Flowing stream waters are hydrologically connected to adjacent groundwaters. These connections help maintain the physical and chemical integrity of streams. In a uni-directional sense, streams lose and gain water to/from groundwater aquifers. In a bi-directional sense, streams are connected to groundwaters via hyporheic exchange (HE) flowpaths. HE moves water, nutrients, dissolved oxygen, and carbon into and out of hyporheic zones (HZs) – saturated subsurface regions beneath and adjacent to a stream channel, where streamwaters and groundwaters mix. In the HZ, sufficiently long residence times and contact with microbes facilitates nutrient transformations vital to the health of stream ecosystems (Boulton et al., 1998).

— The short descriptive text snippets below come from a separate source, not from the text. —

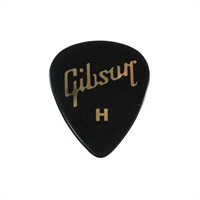 Gross Black Standard Style Pick [APRGG-74H] （ティアドロップ型/ヘヴィ）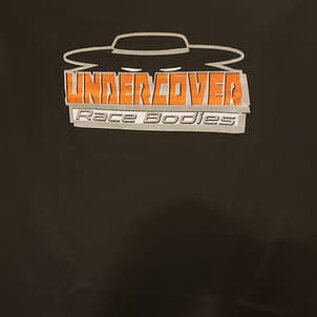 Undercover RC UCR6004  UCDrag Blue Undercover T-Shirt: 4XL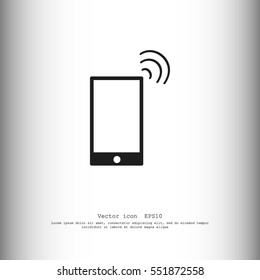 Smartphone icon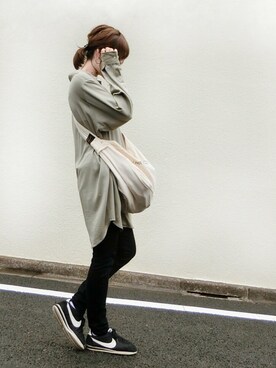 みみみさん（レディース・162cm）の夏コーディネート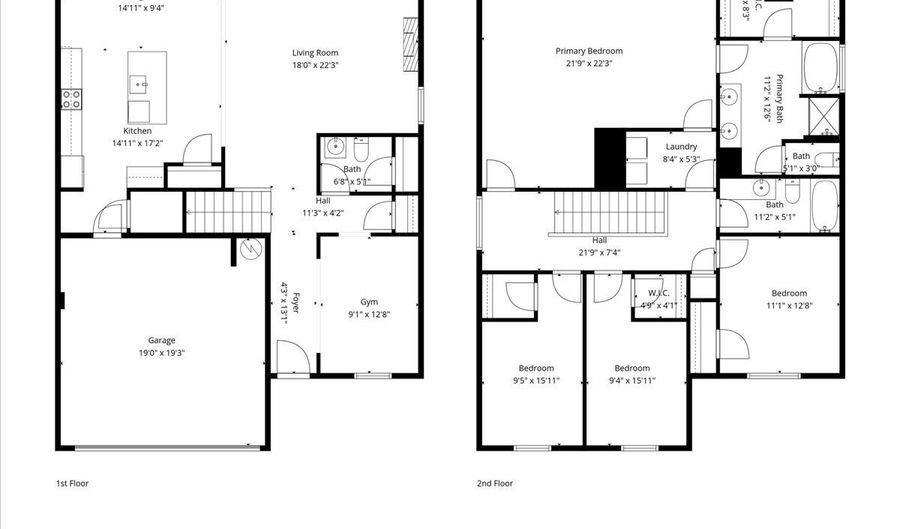 28 Arrington Dr, Adairsville, GA 30103 - 4 Beds, 3 Bath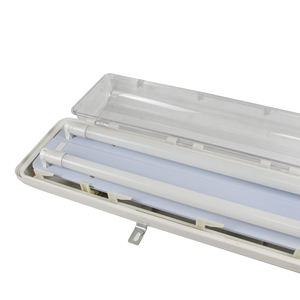 Взрывозащищенная люминесцентная лампа для опасных зон 18W 36W IP66 Антикоррозийная пластиковая люминесцентная лампа - Product Image 6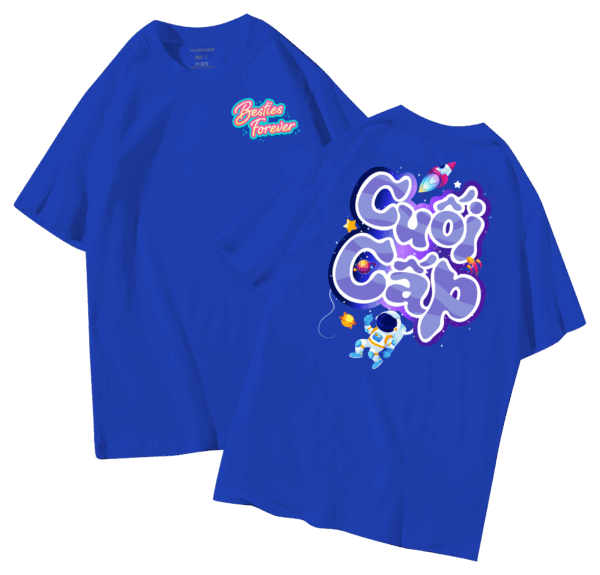 Áo thun lớp in hình cute, dễ thương, đẹp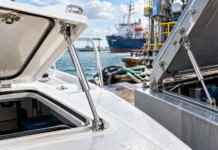 Industrial and Marine Gas Struts: Choosing Struts for Tough Environments Industrial and Marine Gas Struts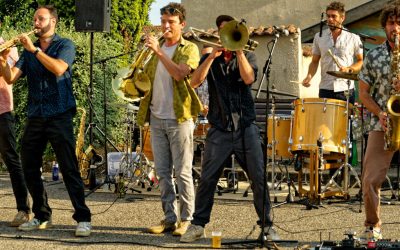 15/07/2025 – Touzdec à Rignieux-le-Franc pour Cuivres en Dombes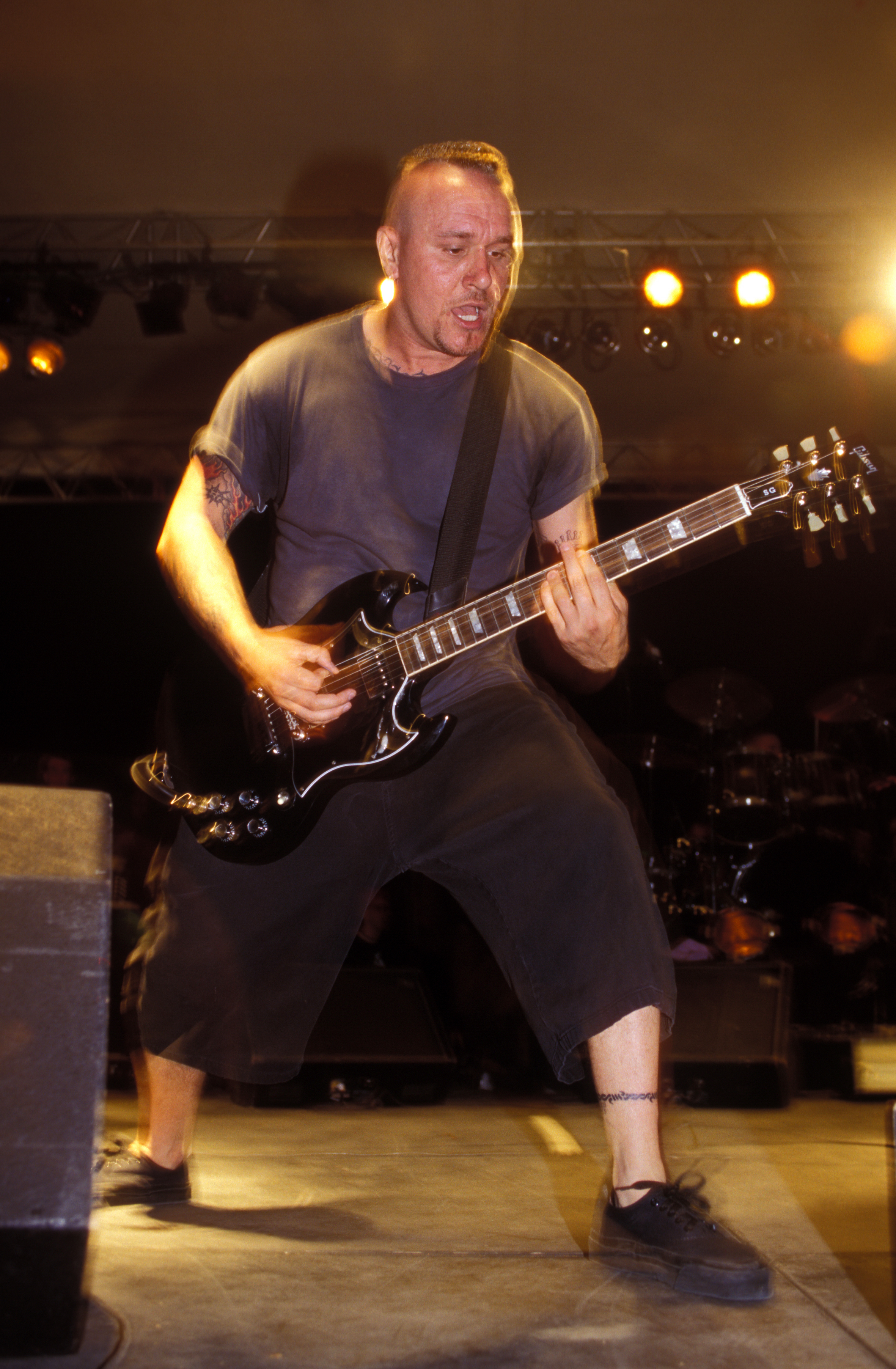 Sick Of It All Pete Koller Megafolies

Given the ecological significance of HZs, it is necessary to understand the physical functionality of HZs over a broad spectrum of timescales (seconds to years). Our current understanding of HE is largely based on experimental tracer evidence. During a tracer experiment, solutes are injected into flowing steamwaters and move downstream. Samples are taken several hundred meters downstream of an injection sire to measure the temporal “breakthrough” of the added solutes. The analysis of solute “breakthrough curves,” reveals useful information about the physical and chemical function of HZs. However, the duration of tracer experiments are short (hours to days), and are often carried out during near steady discharge conditions. Understanding long timescale behavior of HZs, on the order of months to years, when unsteady flows dominate, remains an elusive goal for stream ecologists and hydrologists. A broader temporal perspective of HE is necessary to understand how HZ function will change as hydrologic regimes are altered by human activity and global climate change (Wagener et al., 2010).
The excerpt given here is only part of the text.